= M Creek =

M Creek, officially M (Yahoo) Creek, is a creek flowing southwest out of the Britannia Range and entering Howe Sound just north of Lions Bay, British Columbia, Canada.

==Description==
The creek's steep catchment area of 3.3 km^{2}, with headwaters at the 1720 m elevation, 300 m southeast of the summit of Brunswick Mountain. Diorite cliffs flank the course of the creek, between the 900m and 1200 m elevation, with the rocks of the basin part of the Gambier Group. Much of the creek's course is a bedrock canyon, with talus and rockslide debris notable in its upper course, especially on the south side. Prior to the washout of 1981, there had been no debris fan on the waterfront, afterwards the resulting debris fan was 14,100 sq m. The creek's basin was logged in the period 1957 to 1968, via a logging road via Magnesia Creek, with 38% of the creek's basin having been logged.

==M Creek disaster==
In the early hours of 28 October 1981, following heavy rains, a debris torrent swept away the small timber bridge on British Columbia Highway 99. Nine people lost their lives in the darkness and confusion, going off the highway into the creek's deep canyon, some despite being warned by one driver who had seen the first two cars go in ahead of him. as cars approaching the washout in the rain and dark did not know the bridge was out. The incident led to the highway's sobriquet, conferred by the Vancouver Province, the "Highway of Death" (aka "Killer Highway"). Of the nine victims, one whose body had been recovered from Howe Sound had not gone off the M Creek bridge, but that of Strachan Creek, which was among the many others destroyed by debris torrents that night.
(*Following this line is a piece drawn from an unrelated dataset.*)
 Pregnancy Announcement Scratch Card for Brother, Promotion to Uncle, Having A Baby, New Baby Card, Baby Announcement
The debris torrent was estimated at 20,000 cubic metres, composed of logs and rock, which emerged from the creek's canyon just above the highway bridge, knocking out the creek's central trestle-span.
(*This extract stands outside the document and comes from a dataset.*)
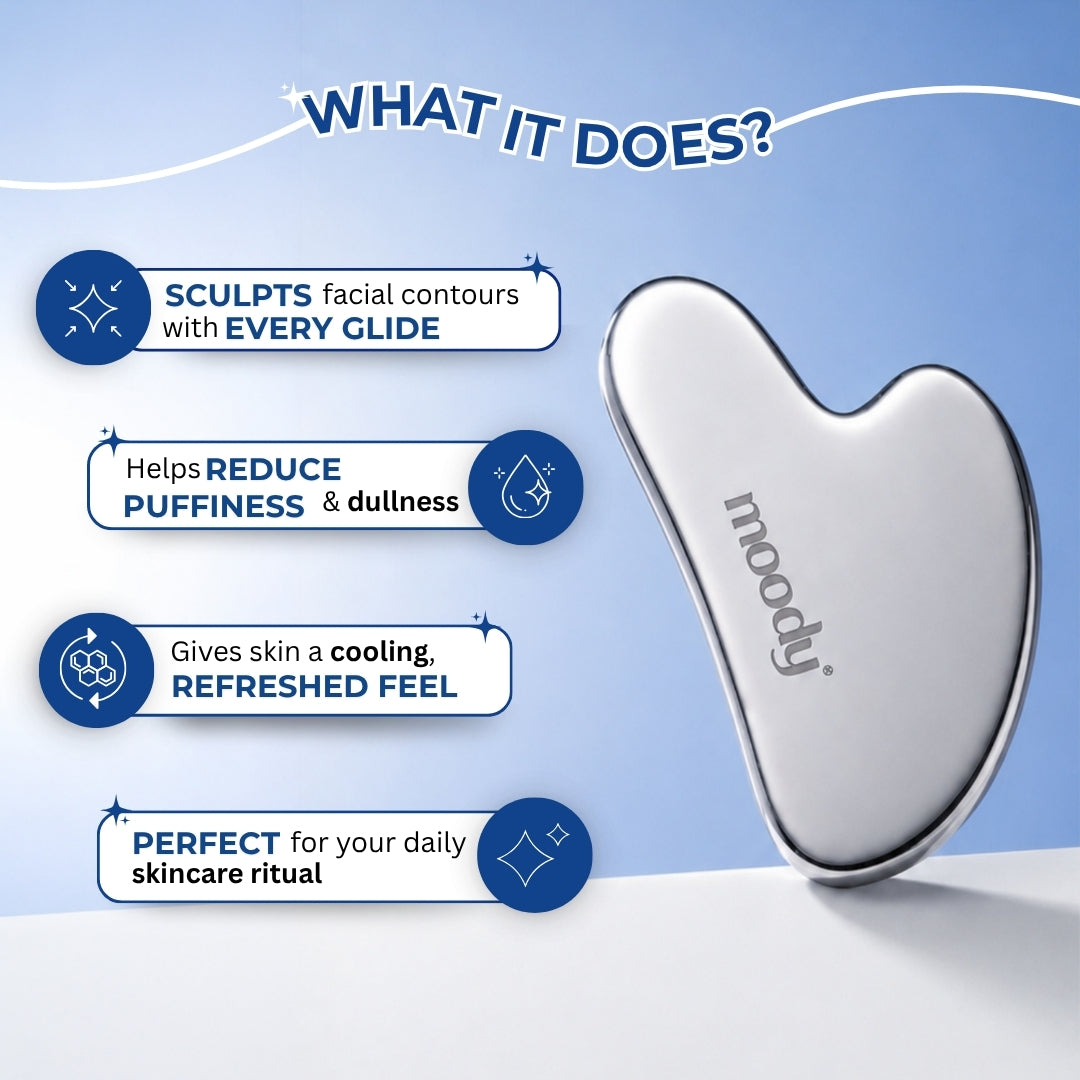 Cool Contour™ Stainless Steel Gua Sha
The term M Creek disaster became used to refer to all the washouts and flooding from that same evening. Thousands of tourists were stranded at Whistler until the highway was reopened. and led to community discussions and agitation to open a "back door" for Whistler, as many tourists had been stranded by the washouts, with deliberations over the various alternate routes east and south from there ending with the selection of the Duffey Lake Road as the formal extension of Highway 99, which had hitherto ended at Pemberton.

===Aftermath===
The same period of rains incurred multiple washouts on the highway between Lions Bay and Pemberton, including several within the Resort Municipality of Whistler, plus the erosion of sand footings for the Culliton Creek bridge in the Cheakamus Canyon/Brohm Ridge stretch of the highway between Brackendale and the abandoned Garibaldi townsite at Rubble Creek. The disaster led to the commissioning of a study on the extent of torrent hazards on the highway, published in 1983 by Thurber Consultants, examining 23 creeks between Horseshoe Bay and Britannia Beach, and on their debris fans on the shoreline, some of which were developed and at risk.

A coroner's jury recommended a series of measures to deal with highway safety, including warning lights at bridges where washouts may occur (this was never acted on), and 11 bridges along the route were replaced with structures with no support spans that might wash out in further debris torrents. Three concrete "debris torrent basins" were constructed on the upper reaches of Charles, Harvey and Magnesia Creeks to avert similar disasters emerging from those basins.

The location today was extensively rebuilt since the disaster, with the creek now bridged by freeway and a concrete structure, as with other hazards along the highway over the years since.